* [Bridge] stresstest.sh
@ 2005-09-16 21:43 Tom McNeal
2005-09-16 22:18 ` Stephen Hemminger
0 siblings, 1 reply; 5+ messages in thread
From: Tom McNeal @ 2005-09-16 21:43 UTC (permalink / raw)
To: bridge
Hi -
When running the stress tests, after a few hours, a panic occurs
due to a kernel page fault for address 0x0 while executing one
of the brctl commands.
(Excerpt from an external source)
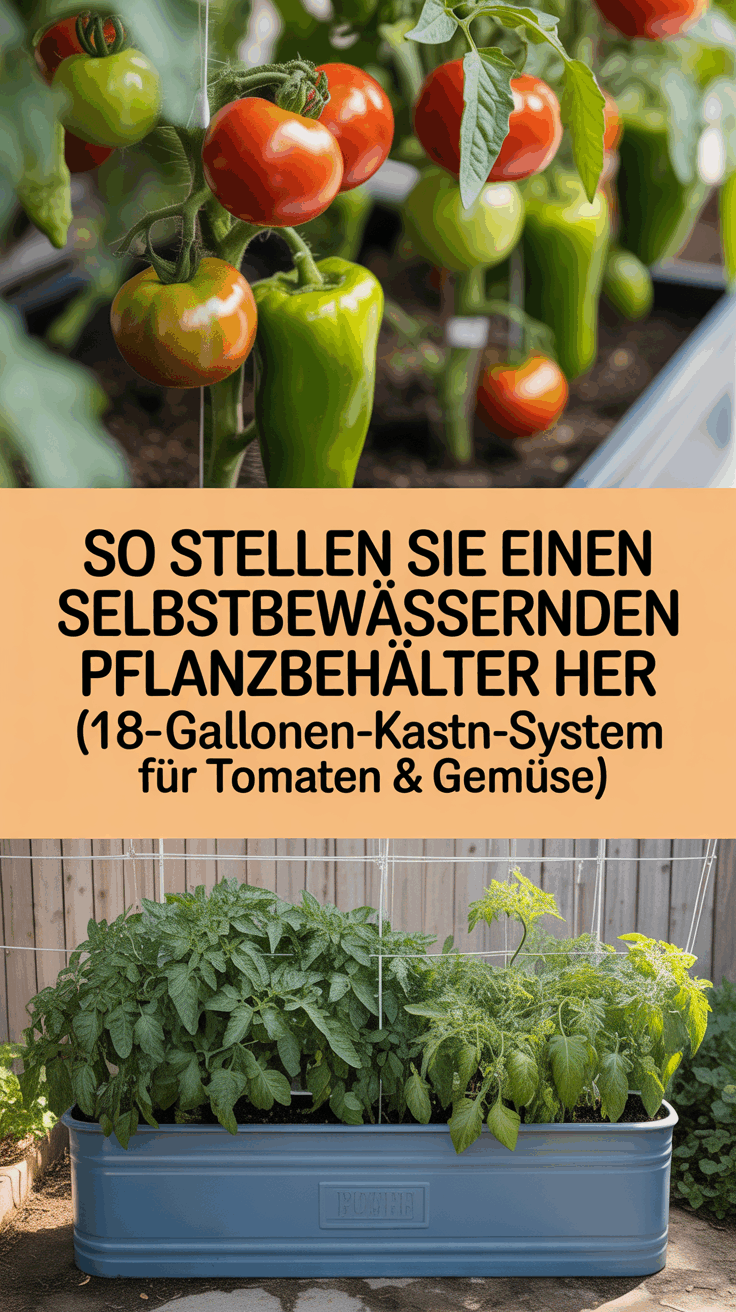 So stellen Sie einen selbstbewässernden Pflanzbehälter her (18-Gallonen-Kasten-System für Tomaten & Gemüse)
We don't know which one, yet. Has anyone
run across this?
do_cpu invoked from kernel context! in traps.c:do_cpu, line 787:
...snip...
Process brctl (pid: 23999, stackpage=813d8000)
...snip...
note: brctl[23999] exited with preempt_count 2
Unable to handle kernel paging request at virtual address 00000000,
epc ==
801131e8, ra == 8011c5d8
Oops in fault.c:do_page_fault, line 213:
...etc....
This is basically in the 2.4.17 kernel, with some of the security
fixes.
Tom
--
Tom McNeal
MontaVista Software
408-992-4459
^ permalink raw reply [flat|nested] 5+ messages in thread
* Re: [Bridge] stresstest.sh
2005-09-16 21:43 [Bridge] stresstest.sh Tom McNeal
@ 2005-09-16 22:18 ` Stephen Hemminger
2005-09-19 15:49 ` Tom McNeal
0 siblings, 1 reply; 5+ messages in thread
From: Stephen Hemminger @ 2005-09-16 22:18 UTC (permalink / raw)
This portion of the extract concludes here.